**Exercise aim:** All that should come back is the lines of the data below from the one containing "Vista de las" to the one containing "2015 HYUNDAI GENESIS", inclusive, exactly as they stand.

**Supplied data:**
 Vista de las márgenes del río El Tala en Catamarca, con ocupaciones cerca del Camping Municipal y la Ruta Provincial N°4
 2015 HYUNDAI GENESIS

...

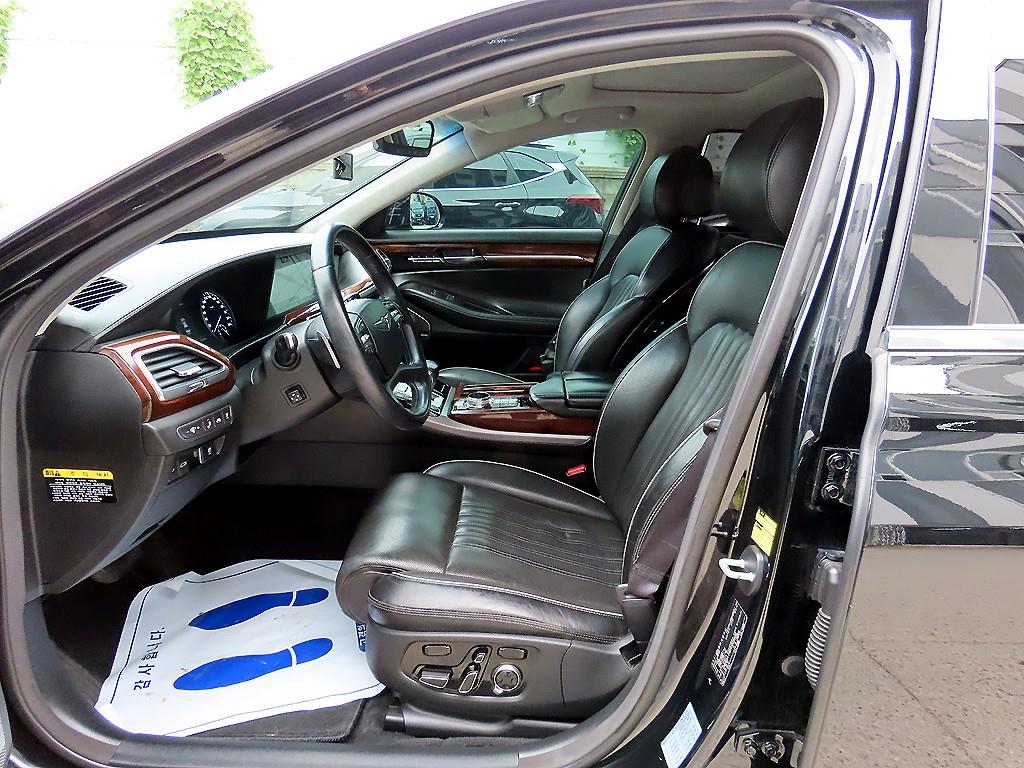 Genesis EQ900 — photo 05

**Answer for the task:**
 Vista de las márgenes del río El Tala en Catamarca, con ocupaciones cerca del Camping Municipal y la Ruta Provincial N°4
 2015 HYUNDAI GENESIS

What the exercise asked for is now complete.